Retype nothing except the lines below from the one with "Child looking out" through the one with "yellow car toy in playgroundの写真素材", exactly, with images left out.

Records from a data collection:
== Segment start ==

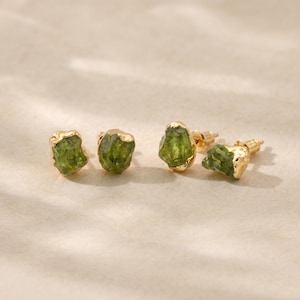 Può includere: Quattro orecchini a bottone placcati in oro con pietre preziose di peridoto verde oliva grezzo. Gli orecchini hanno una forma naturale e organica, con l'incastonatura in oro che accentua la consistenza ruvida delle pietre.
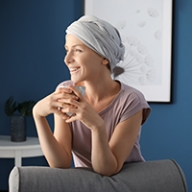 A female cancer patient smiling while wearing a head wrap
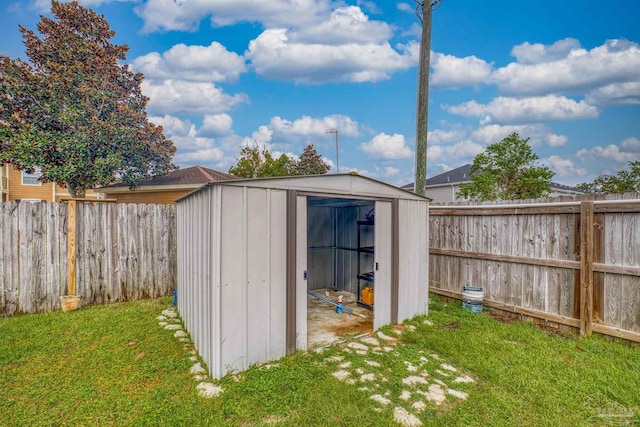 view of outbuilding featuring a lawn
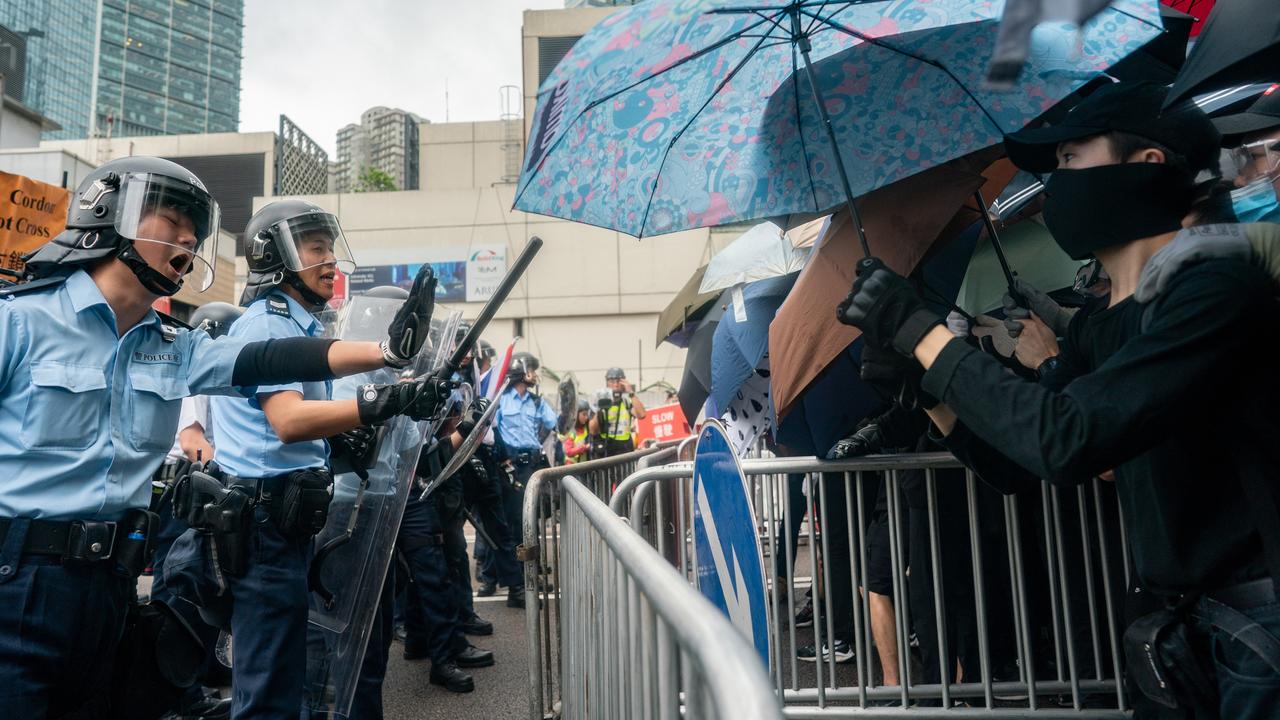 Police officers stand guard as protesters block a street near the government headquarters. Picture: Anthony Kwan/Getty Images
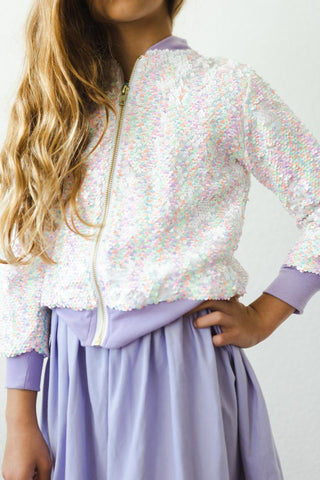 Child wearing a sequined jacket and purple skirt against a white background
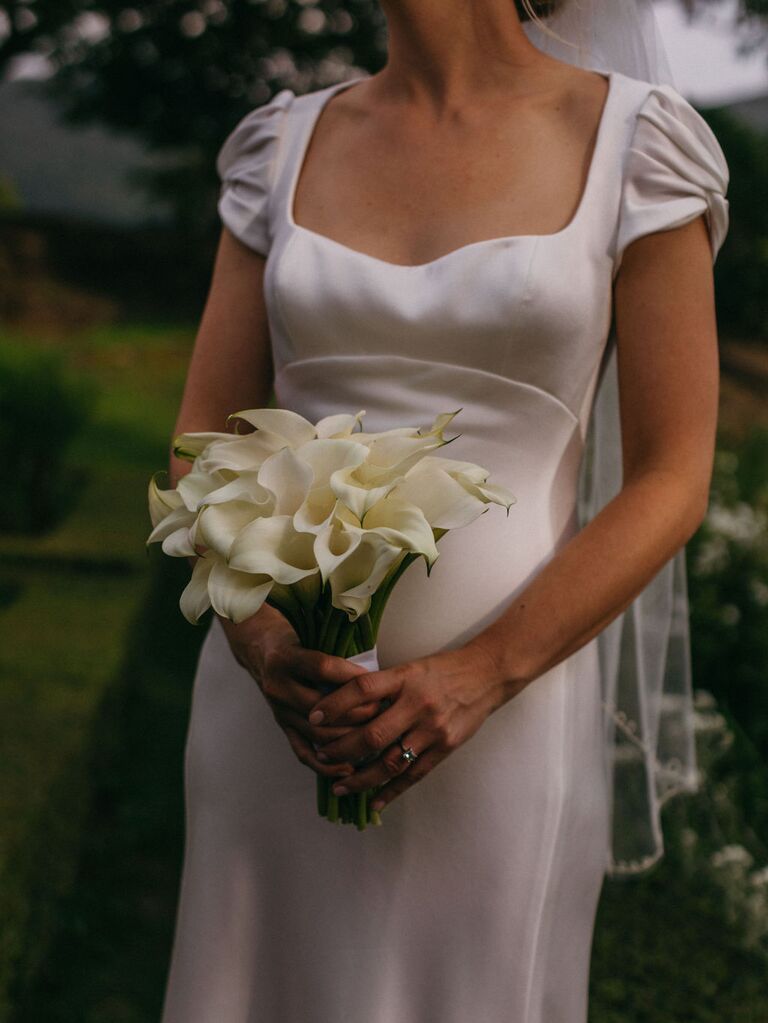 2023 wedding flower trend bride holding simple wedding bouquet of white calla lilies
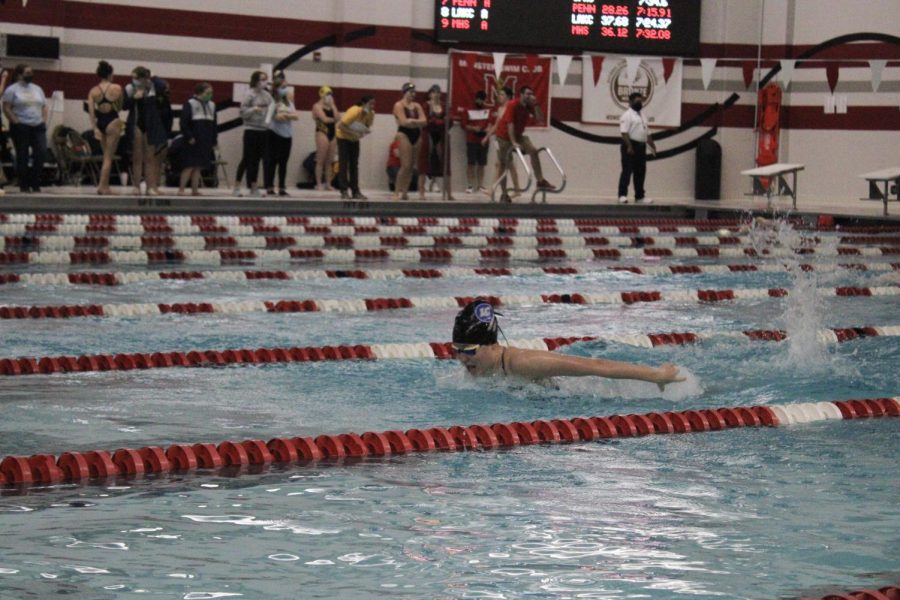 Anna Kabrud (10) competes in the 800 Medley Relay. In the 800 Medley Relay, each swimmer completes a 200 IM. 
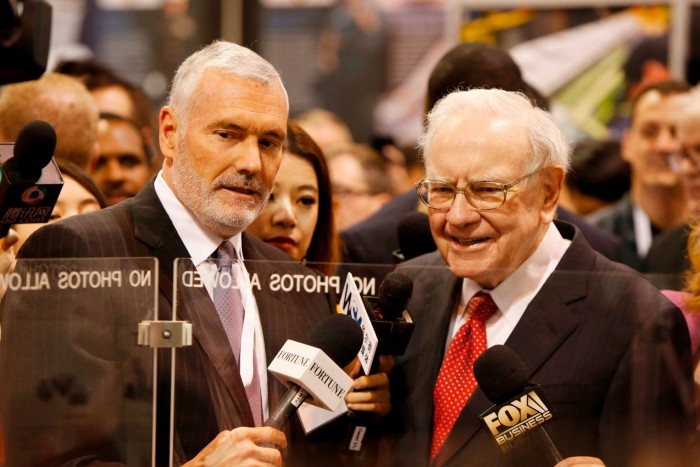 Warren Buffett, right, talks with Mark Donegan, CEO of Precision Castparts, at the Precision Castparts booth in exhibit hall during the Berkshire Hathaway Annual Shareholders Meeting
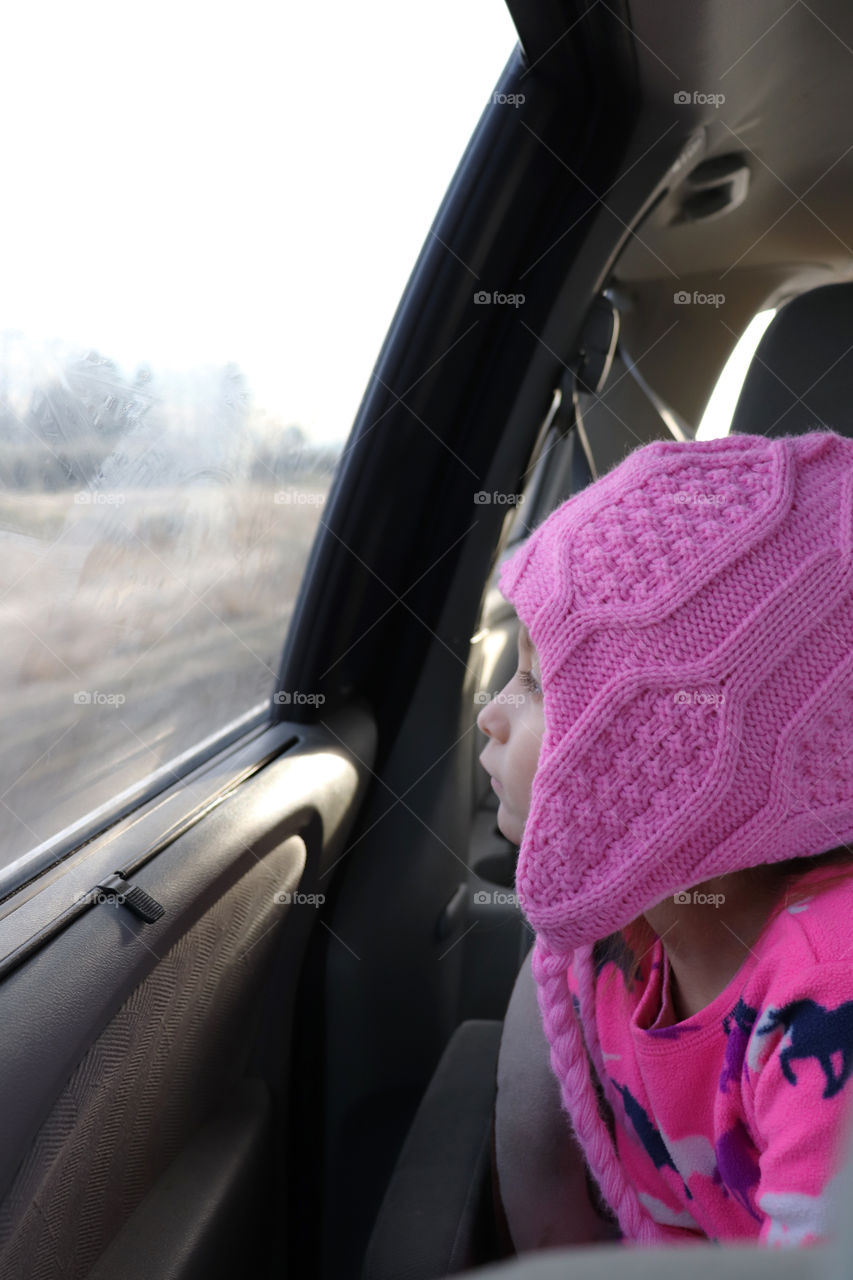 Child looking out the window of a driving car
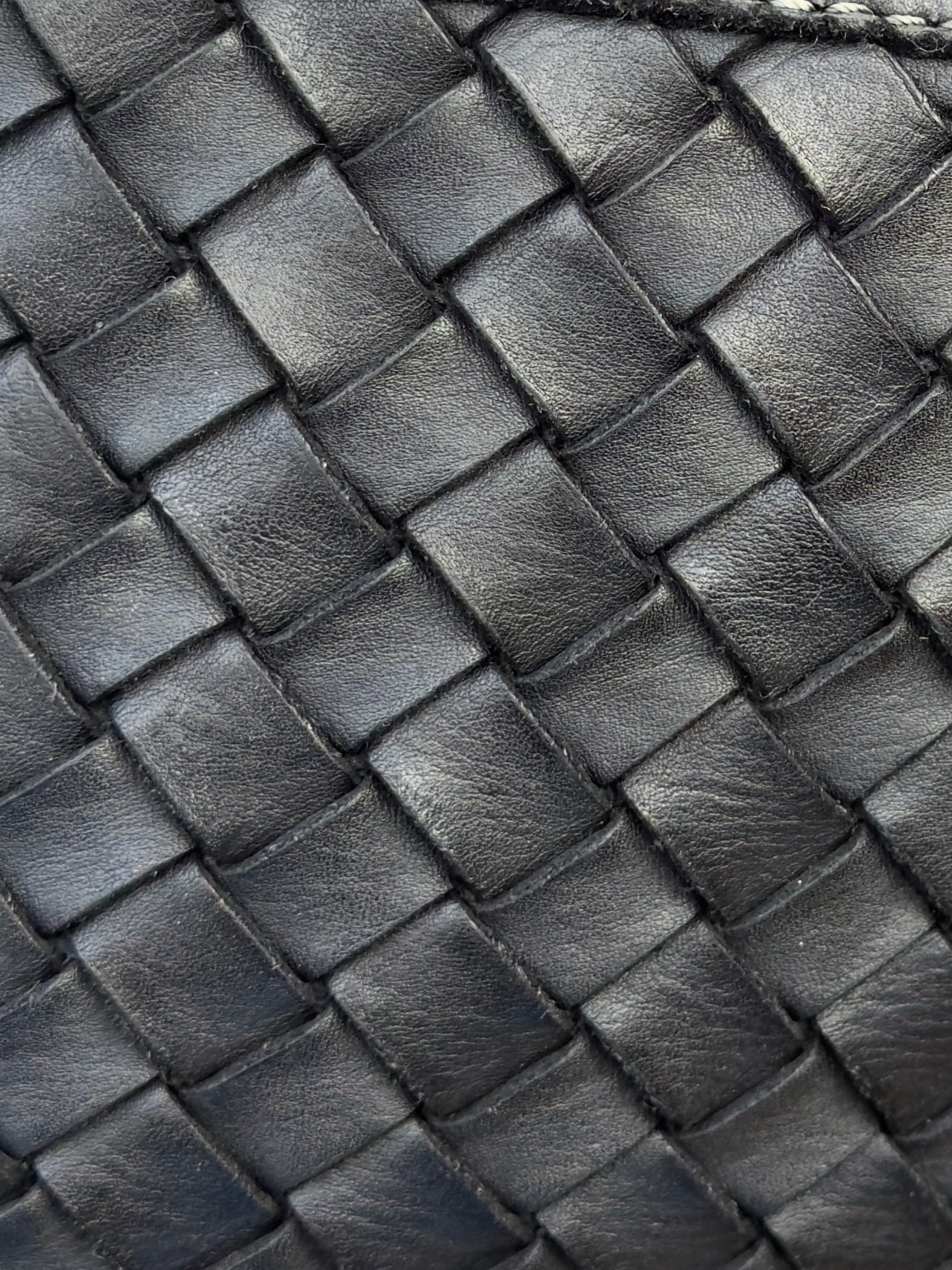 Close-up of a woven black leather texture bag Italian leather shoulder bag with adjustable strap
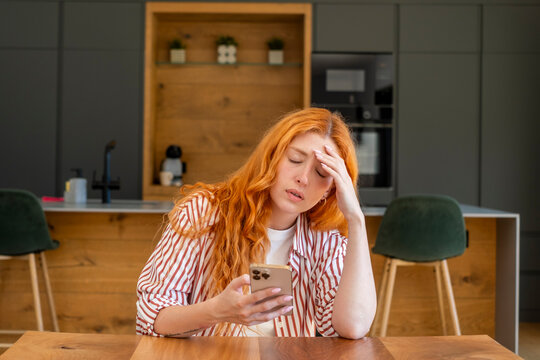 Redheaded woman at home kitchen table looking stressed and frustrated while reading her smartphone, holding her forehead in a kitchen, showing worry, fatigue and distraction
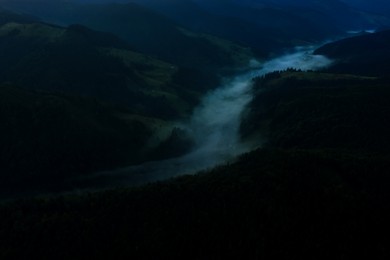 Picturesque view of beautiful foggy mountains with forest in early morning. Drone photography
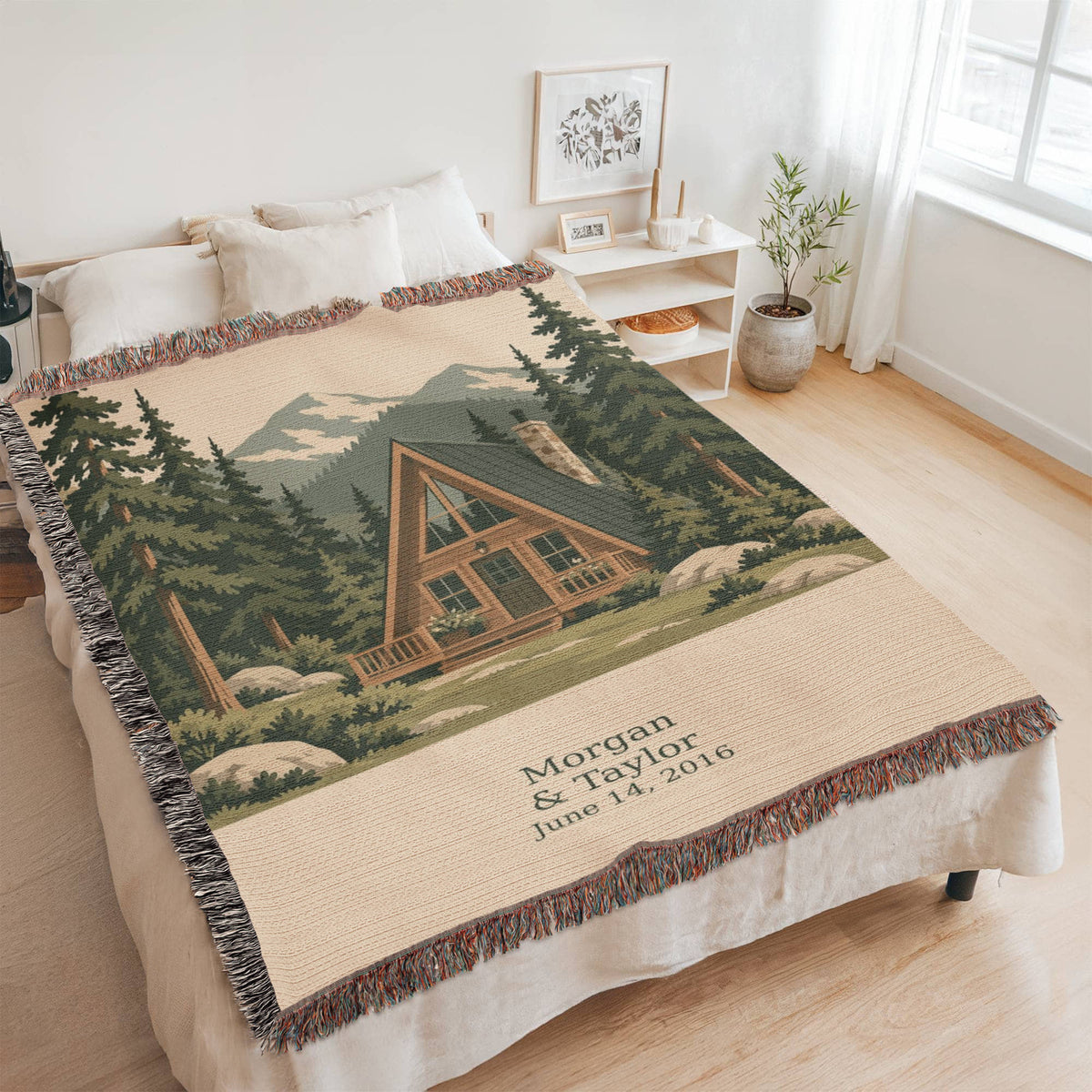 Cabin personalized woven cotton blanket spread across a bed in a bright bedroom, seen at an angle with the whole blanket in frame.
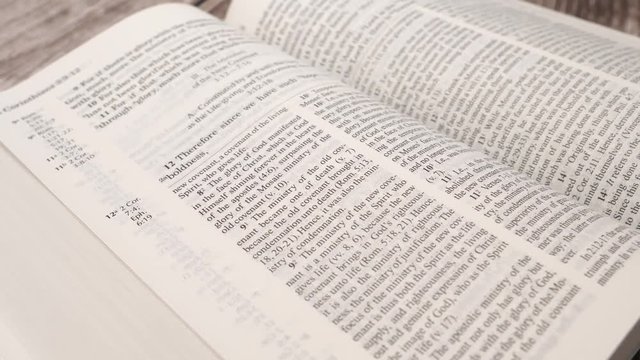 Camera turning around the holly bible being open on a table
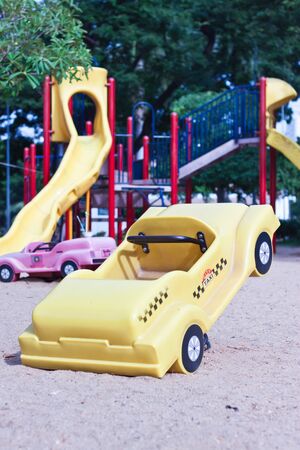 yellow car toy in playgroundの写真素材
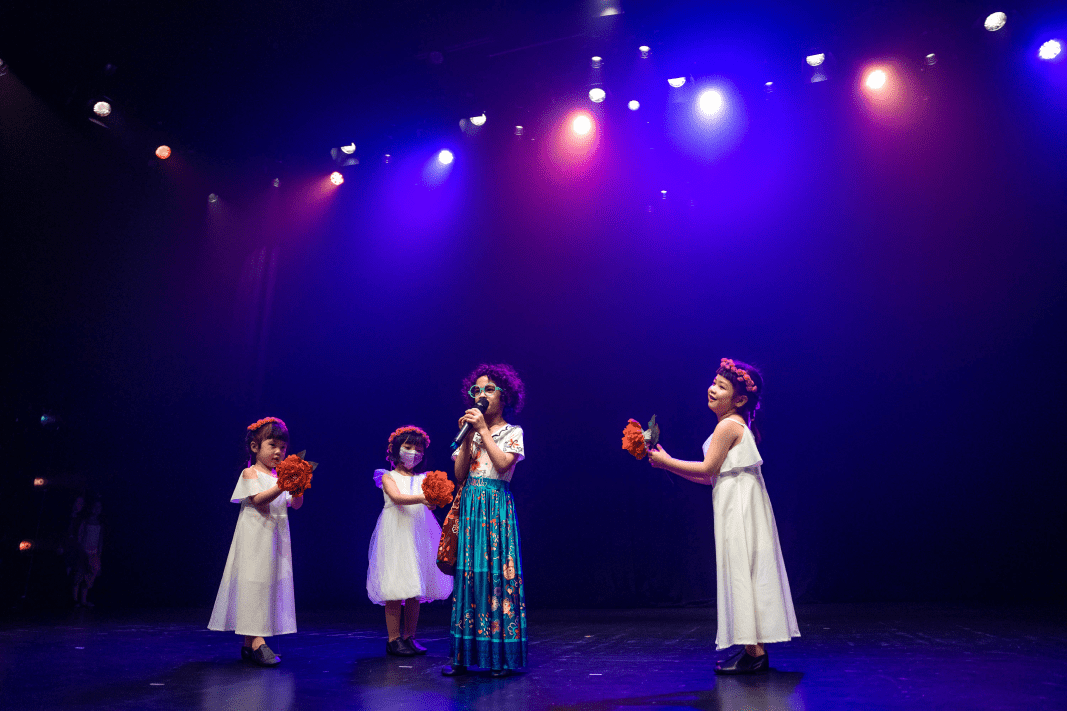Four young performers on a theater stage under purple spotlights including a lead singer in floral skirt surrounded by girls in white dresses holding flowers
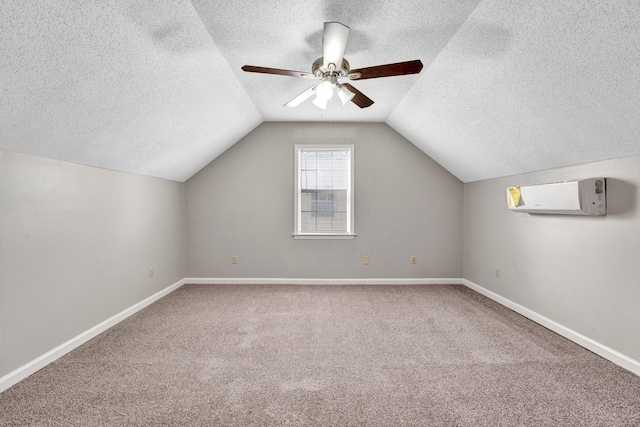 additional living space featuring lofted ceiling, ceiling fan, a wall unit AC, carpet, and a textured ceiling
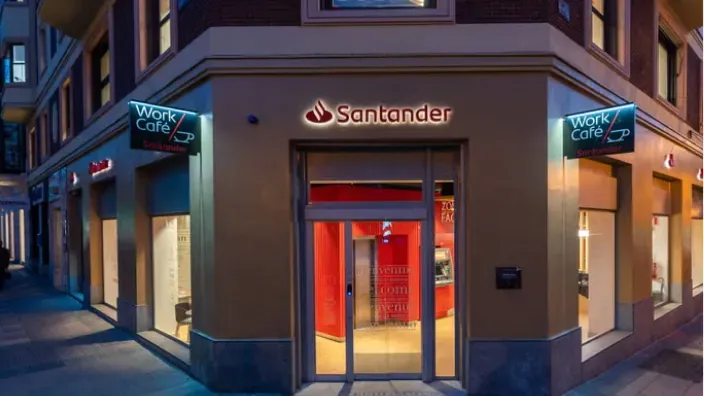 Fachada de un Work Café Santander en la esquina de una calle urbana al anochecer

== Segment end ==

**Answer to the problem**
 Child looking out the window of a driving car
 Close-up of a woven black leather texture bag Italian leather shoulder bag with adjustable strap
 Redheaded woman at home kitchen table looking stressed and frustrated while reading her smartphone, holding her forehead in a kitchen, showing worry, fatigue and distraction
 Picturesque view of beautiful foggy mountains with forest in early morning. Drone photography
 Cabin personalized woven cotton blanket spread across a bed in a bright bedroom, seen at an angle with the whole blanket in frame.
 Camera turning around the holly bible being open on a table
 yellow car toy in playgroundの写真素材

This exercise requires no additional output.